(Caption-style text data)
+ + + + +

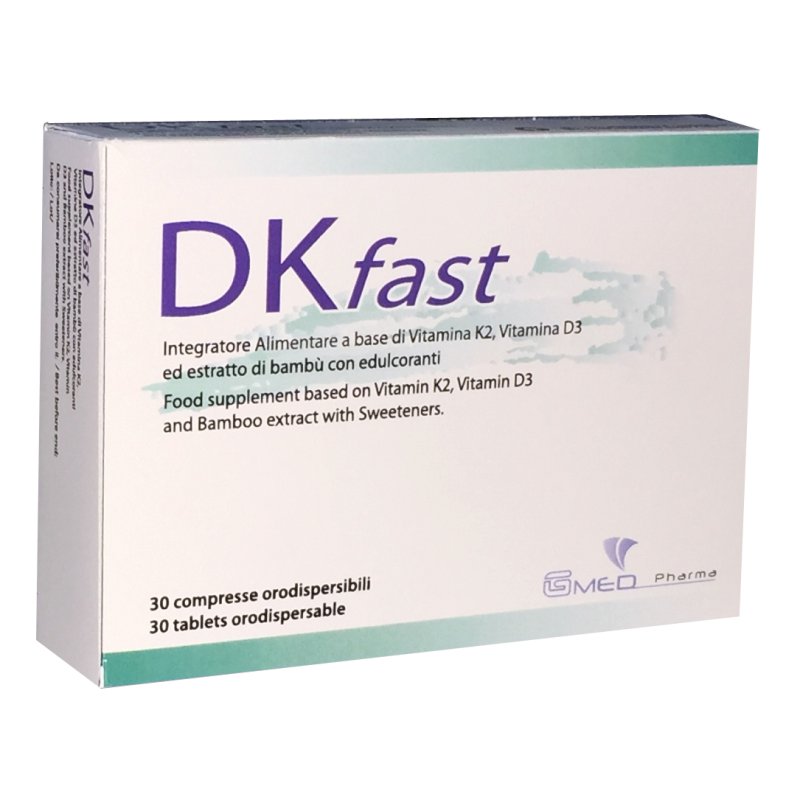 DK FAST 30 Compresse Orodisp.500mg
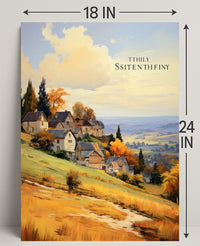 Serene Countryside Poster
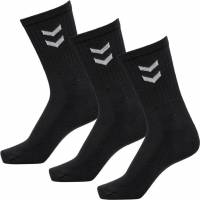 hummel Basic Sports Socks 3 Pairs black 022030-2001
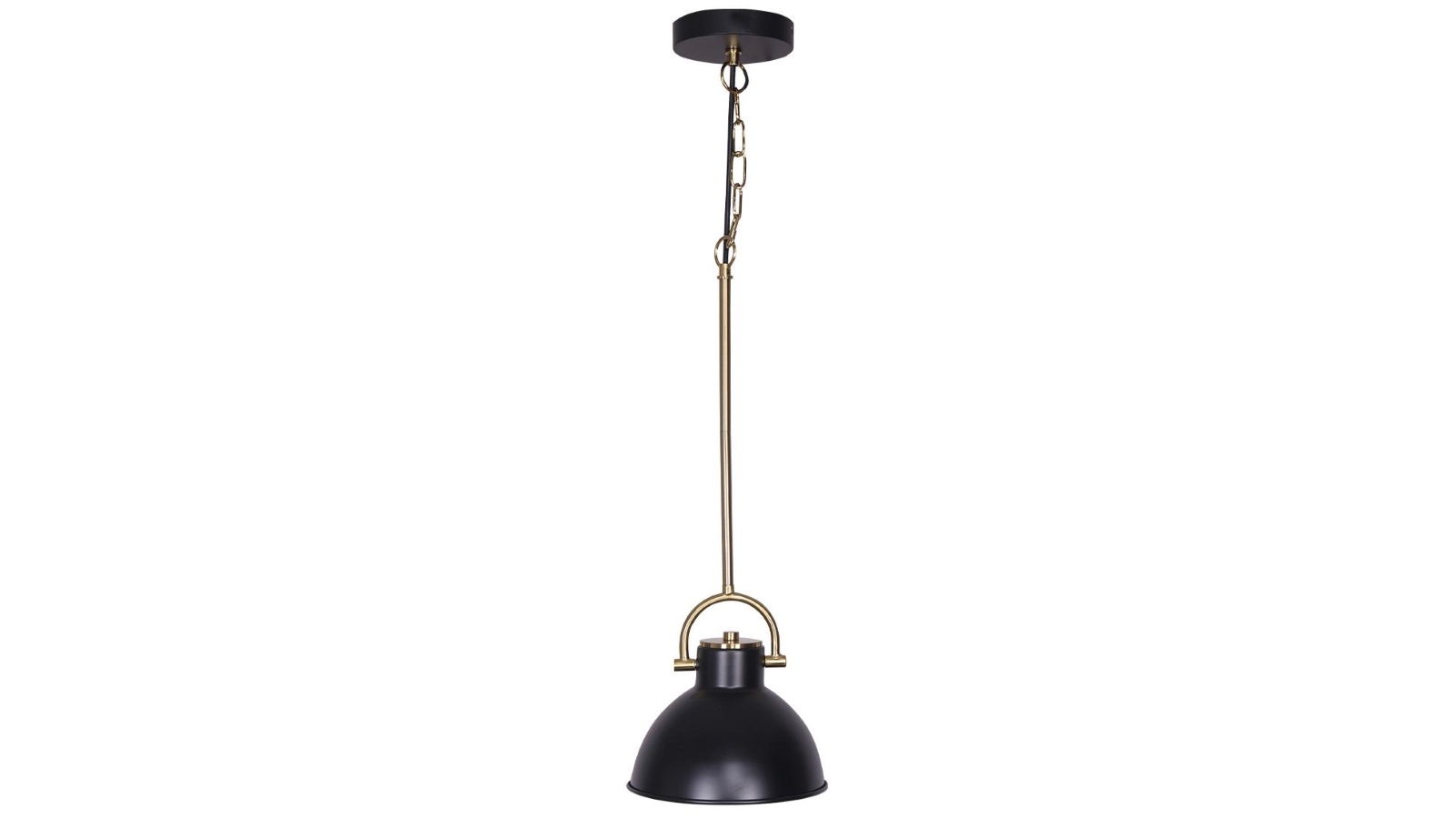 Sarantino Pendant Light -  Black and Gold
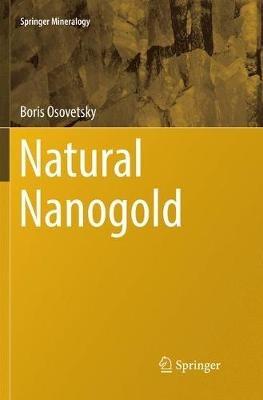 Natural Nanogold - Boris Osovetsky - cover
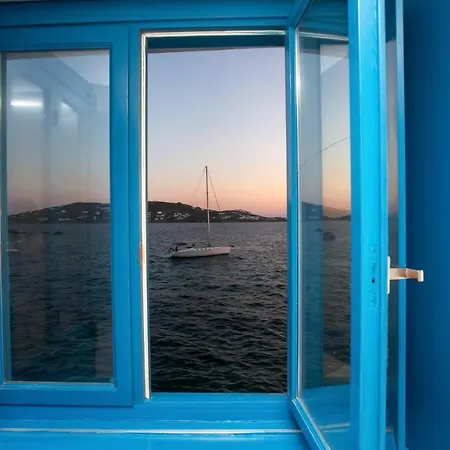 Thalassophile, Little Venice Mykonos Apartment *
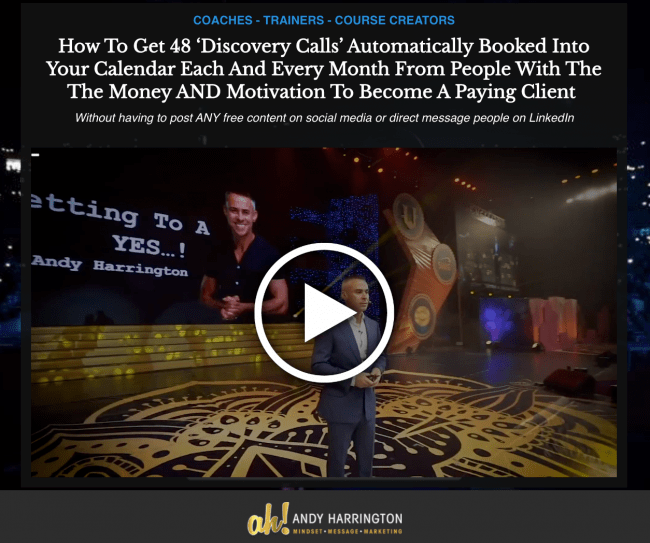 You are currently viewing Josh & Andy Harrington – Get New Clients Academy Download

+ + + + +

Would you transcribe all of the data exactly, omitting any pictures?

Answer for the task ->
 DK FAST 30 Compresse Orodisp.500mg
 Serene Countryside Poster
 hummel Basic Sports Socks 3 Pairs black 022030-2001
 Sarantino Pendant Light -  Black and Gold
 Natural Nanogold - Boris Osovetsky - cover
 Thalassophile, Little Venice Mykonos Apartment *
 You are currently viewing Josh & Andy Harrington – Get New Clients Academy Download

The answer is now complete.